### Exercise objective
Please write out the lines of the data exactly, beginning with the first and ending with the line containing "Obraz premium multi"; leave the pictures behind.

### Information provided
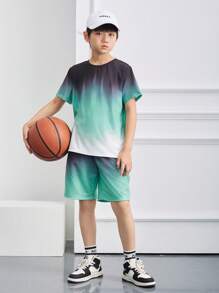 SHEIN Leap Crew Tween Boy Casual Comfortable Gradient Round Neck Short Sleeve Matching Gradient Shorts 2pcs/Set - Green - View 5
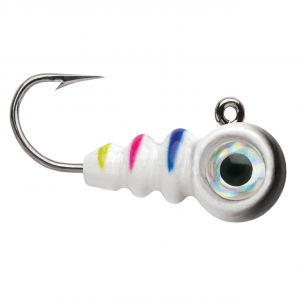 Image of VMC Tungsten Larv Eye Jig | Glow Black Wonderbread; 1/16 oz.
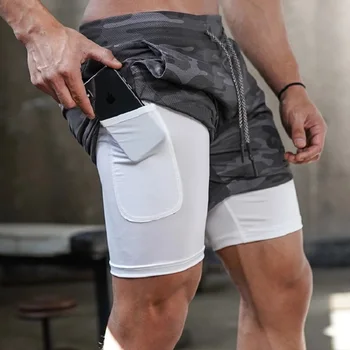 2020 nouă bărbați pantaloni scurți două-in-one pantaloni scurți de sport dublu-strat uscare rapidă pantaloni scurți de sport jogging, fitness, pantaloni scurți de funcționare
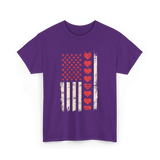 Valentine's Day Hearts Flag T-Shirt - Purple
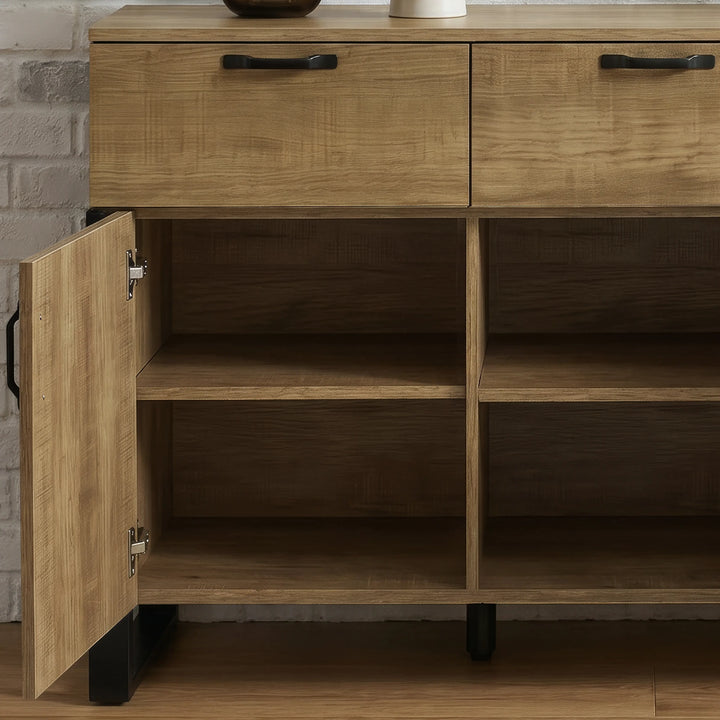 [Oak Effect] Ironmere sideboard open cabinet detail with centre divider and empty storage shelves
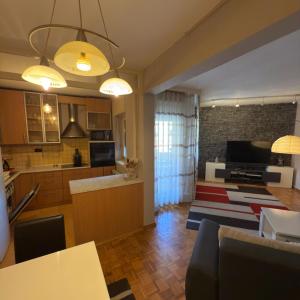 a living room with a kitchen and a dining room at Center Apartment 1 Sisak in Sisak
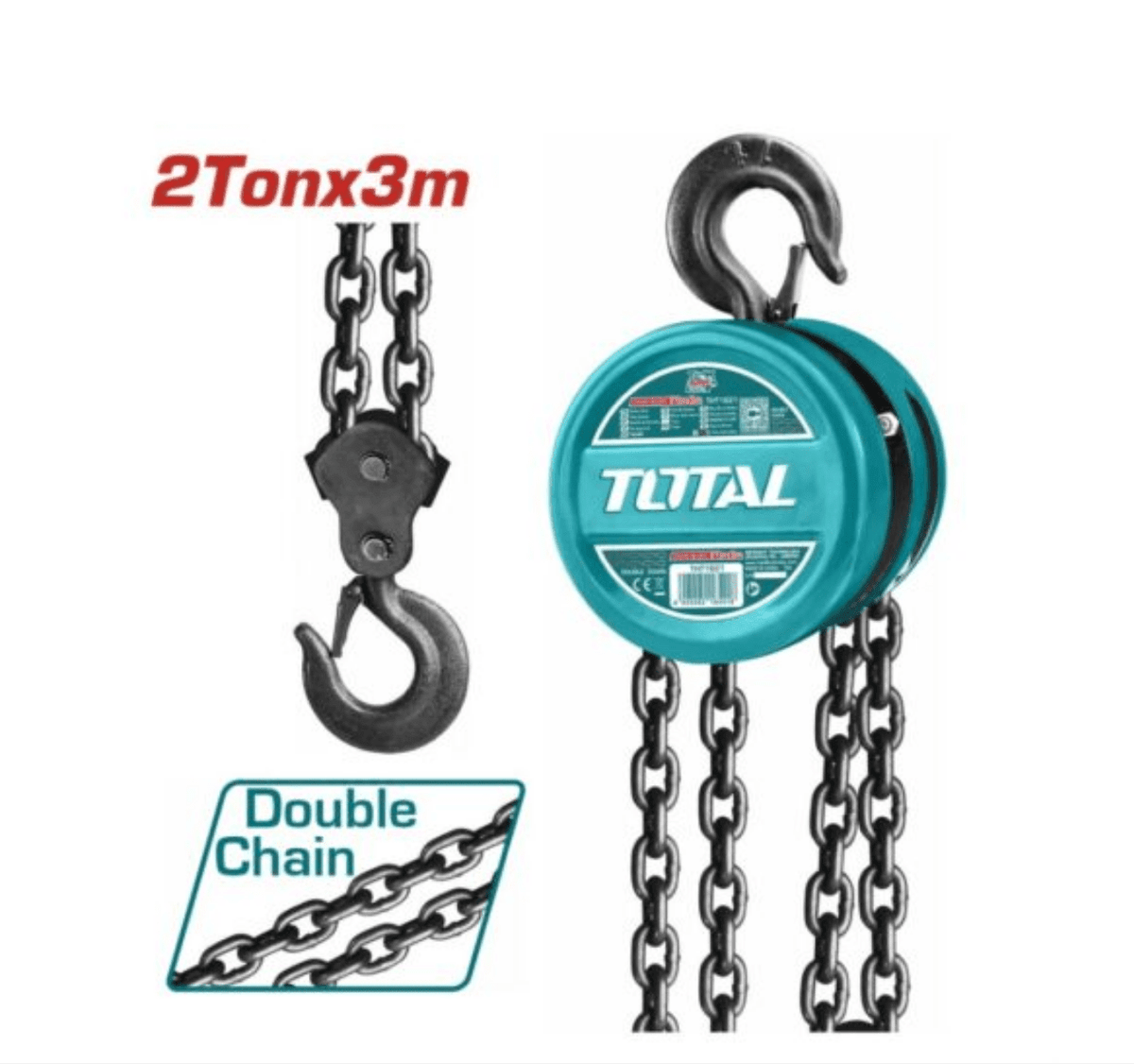 Palan à chaîne 2t 3m–TOTAL levage Fiable–THT1621 - SME IMPORT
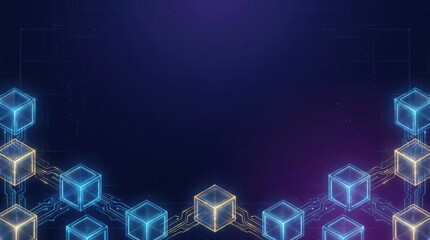 Obraz premium multi factor authentication fintech concept. Digital blockchain network with interconnected cubes on dark futuristic background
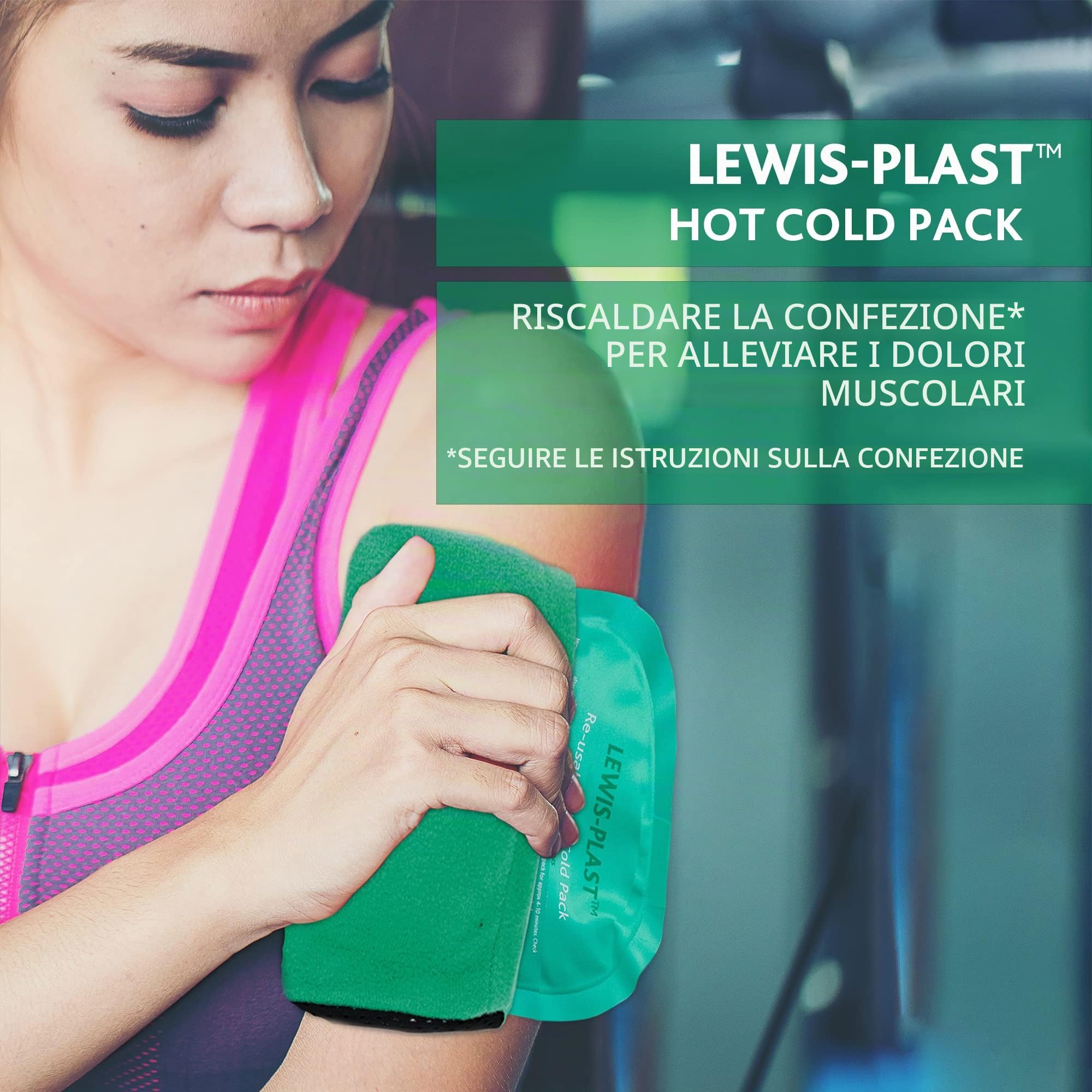 Lewis-Plast - Gel Riutilizzabile per Terapie Caldo/Freddo con Custodia Protettiva - Ideale per Dolore a Ginocchia, Schiena, Caviglia e Collo, Emicranie, Mal di Denti, Contusioni ed Altre Lesioni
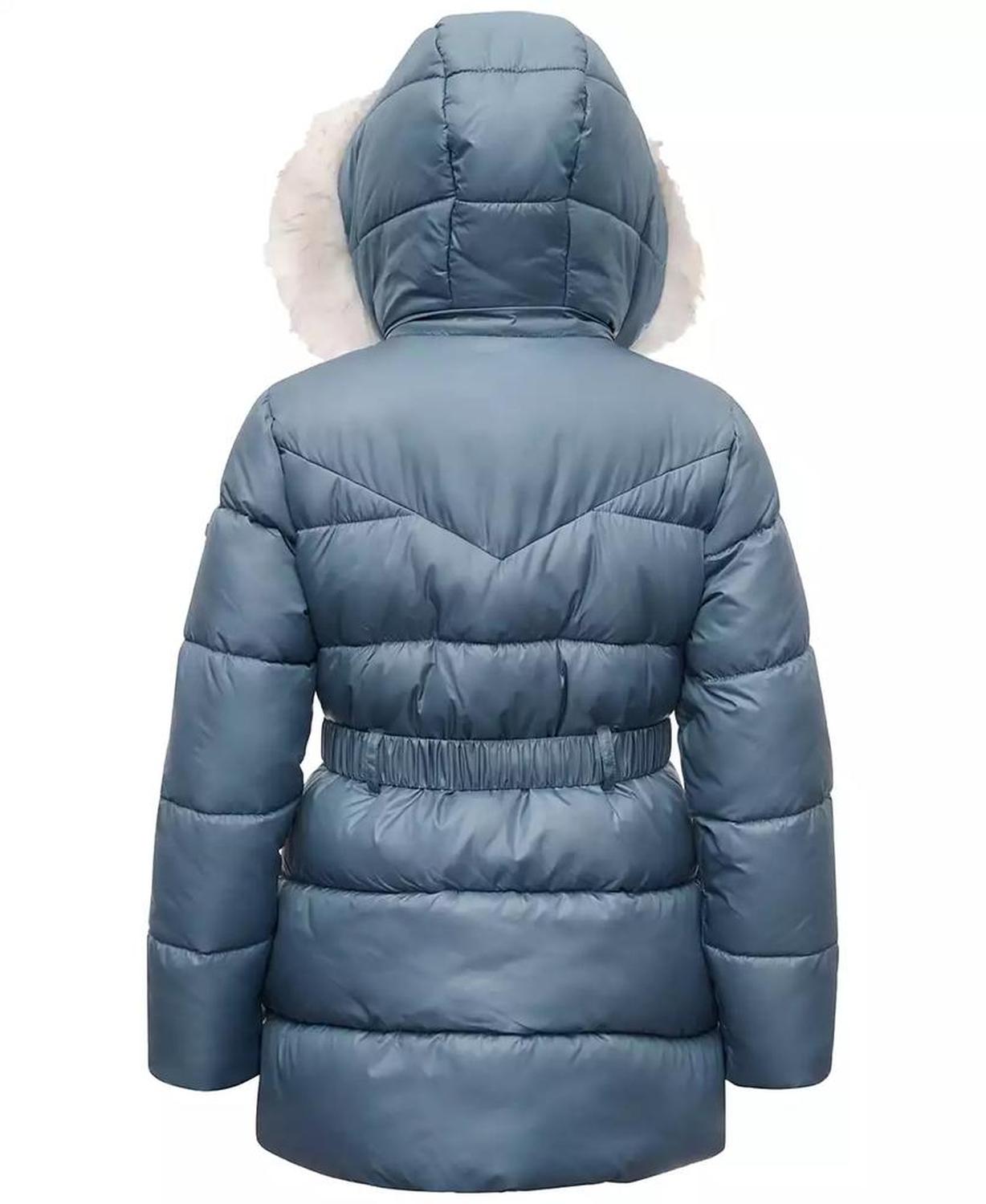 Michael Kors Toddler & Little Girls Belted Stadium Puffer Jacket with Faux-Fur Trim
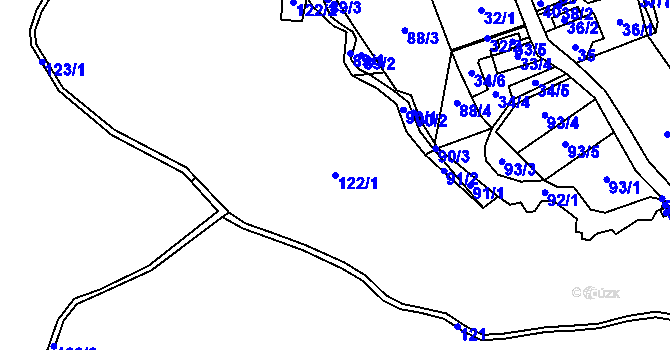 Parcela st. 122/1 v KÚ Hrabětice nad Odrou, Katastrální mapa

### Task answer
 SHEIN Leap Crew Tween Boy Casual Comfortable Gradient Round Neck Short Sleeve Matching Gradient Shorts 2pcs/Set - Green - View 5
 Image of VMC Tungsten Larv Eye Jig | Glow Black Wonderbread; 1/16 oz.
 2020 nouă bărbați pantaloni scurți două-in-one pantaloni scurți de sport dublu-strat uscare rapidă pantaloni scurți de sport jogging, fitness, pantaloni scurți de funcționare
 Valentine's Day Hearts Flag T-Shirt - Purple
 [Oak Effect] Ironmere sideboard open cabinet detail with centre divider and empty storage shelves
 a living room with a kitchen and a dining room at Center Apartment 1 Sisak in Sisak
 Palan à chaîne 2t 3m–TOTAL levage Fiable–THT1621 - SME IMPORT
 Obraz premium multi factor authentication fintech concept. Digital blockchain network with interconnected cubes on dark futuristic background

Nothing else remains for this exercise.